Possible data races in Task.parallel_scan
OlivierNicole opened this issue · 8 comments
Once again I report a ThreadSanitizer data race warning. I haven't had time to flesh it out yet, but I intend to look at it more closely soon.
How to reproduce
Pin Domainslib to revision b8de1f71
. Pin qcheck to revision f09f42d0
. Switch to the ThreadSanitizer-instrumenting compiler and build and execute the following test (from https://github.com/jmid/multicoretests/):
open QCheck
open Domainslib
let test_parallel_scan =
Test.make ~name:"test Task.parallel_scan" ~count:1000
(pair (int_bound 10) small_nat)
(fun (num_additional_domains,array_size) ->
let pool = Task.setup_pool ~num_additional_domains () in
let a = Task.run pool (fun () -> Task.parallel_scan pool (+) (Array.make array_size 1)) in
Task.teardown_pool pool;
a = Array.init array_size (fun i -> i + 1))
;;
QCheck_runner.run_tests_main [ test_parallel_scan ]
You get the following two reports, both in Task.parallel_scan
:
- https://gist.github.com/OlivierNicole/1459b36f3851d9b311dbddfe4361cf7f
- https://gist.github.com/OlivierNicole/922a70c6655d7533ef21d6a5790efaad
Note that:
- The line numbers are always a little off; the code address offset reported for the item #0 of backtraces is always off by one; here, it seems that the possibly racy accesses are the writes in
prefix_s
. - A current limitation of the the ThreadSanitizer instrumentation is that backtrace information is not recorded in OCaml code, so the “previous” backtraces are probably incomplete and may be incorrect.
The first race is between:
Line 214 in 3a74279
and the initializing write at
Line 210 in 3a74279
so, according to the memory model, not a real race, as there is supposed to be a synchronization between an initializing write and the sharing of a value, according to the PLDI'18 paper.
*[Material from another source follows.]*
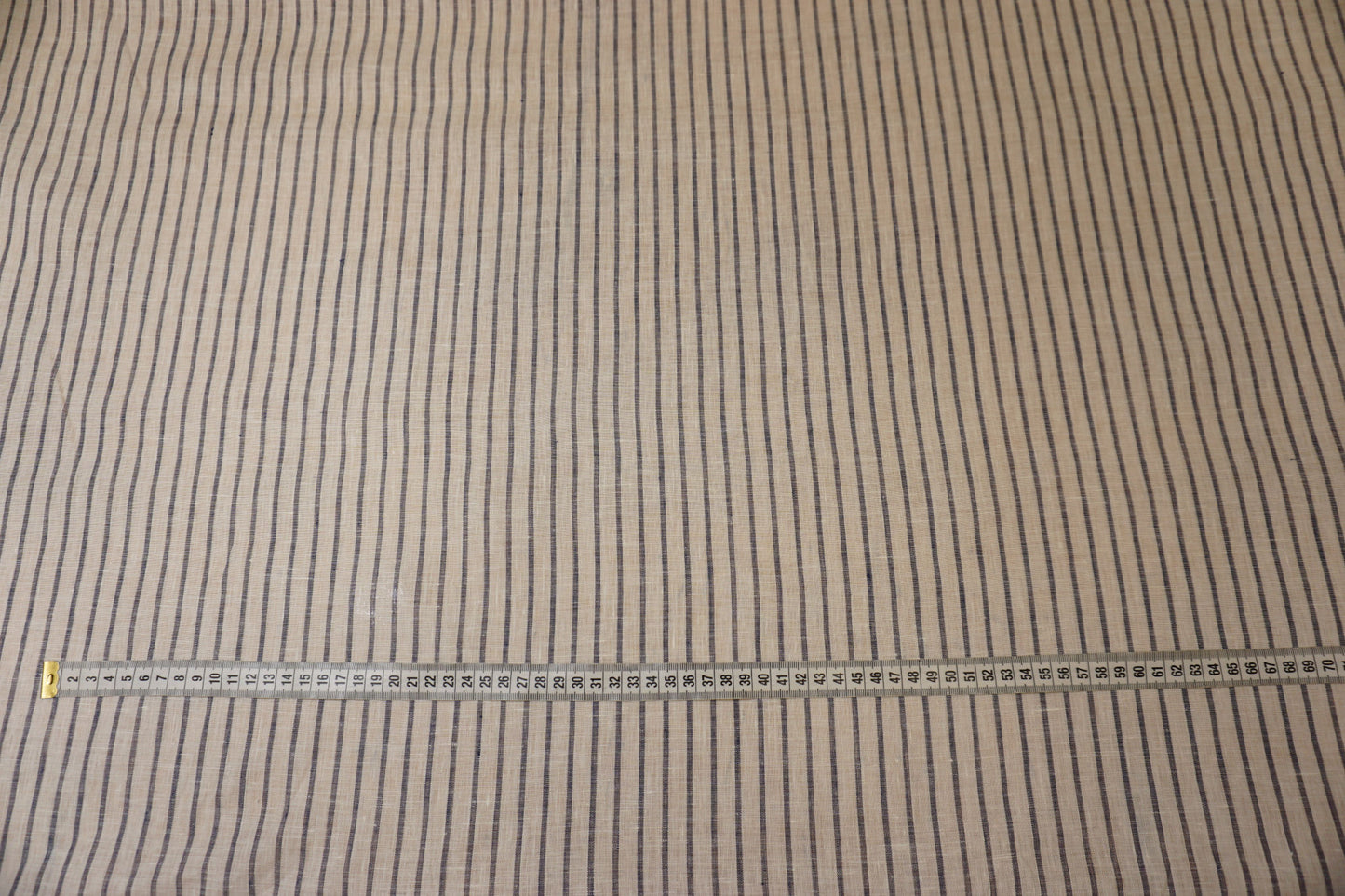 Fine linen fabric in white with denim blue stripes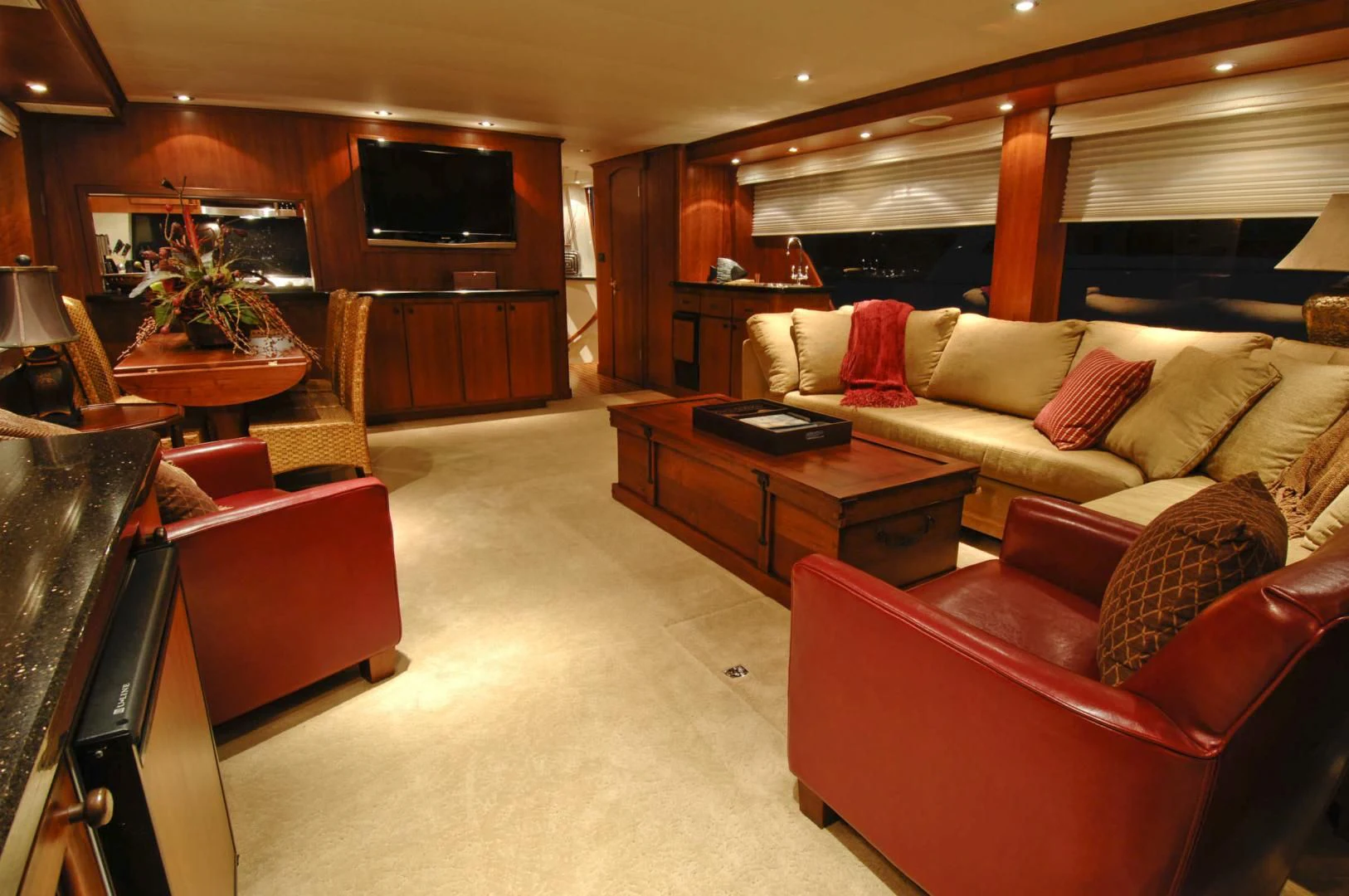 a living room with a couch and a tv aboard MOONSHADOW Yacht for Sale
I don't understand yet why TSan didn't see this synchronization, though.
The first race is between:
Line 214 in 3a74279
and the initializing write at
Line 210 in 3a74279
so, according to the memory model, not a real race, as there is supposed to be a synchronization between an initializing write and the sharing of a value, according to the PLDI'18 paper. I don't understand yet why TSan didn't see this synchronization, though.
It might be worthwhile to check whether the Array.copy
primitive has the necessary synchronisation. A release fence.
The copying is performed in caml_array_gather
; in the case of small arrays (which is the case in this test), the array is allocated in the minor heap and a plain memcpy is used.
https://github.com/ocaml/ocaml/blob/50b09531f658c1ebe502cb566dee52c3e32d3c61/runtime/array.c#L448-L460
Maybe some code paths do not go through the fence when that array is promoted to the major heap. (Is it always promoted?) I don't know where the code that handles this is in the runtime.
There is in fact no question of promotion, as it was pointed out to me that it is no longer necessary in the stop-the-world minor collection design that was retained. We still need a fence, though, and indeed there isn't one in caml_array_gather
(used by Array.copy
, append
and concat
).
I'm taking the liberty of pasting here an explanation by @kayceesrk from a discussion on Slack:
Generally, there are only two ways an object can be shared with another domain.
- Through the closure that is used in Domain.spawn
- Assigning to a shared reference. This goes through caml_modify which has the release fence.
Since caml_initialize will precede a caml_modify or Domain.spawn, which has the necessary fence, caml_initialize doesn’t need the fence.
Looking closer, the race here is between the initializing write (a plain store) in Array.copy
and a read in caml_modify
. Indeed, before doing a store, caml_modify
does a plain load (argument *fp
):
https://github.com/ocaml/ocaml/blob/357b42accc160c699219575ab8b952be9594e1d9/runtime/memory.c#L151
and that is done before the fence.
From my (not very experienced) point of view this one is technically a real race… maybe @sadiqj, @maranget or @damiendoligez have an opinion about it?
No longer having this race report from the latest versions of ocaml-tsan, I’ll blame it on an insufficient instrumentation of the runtime back then, and close this.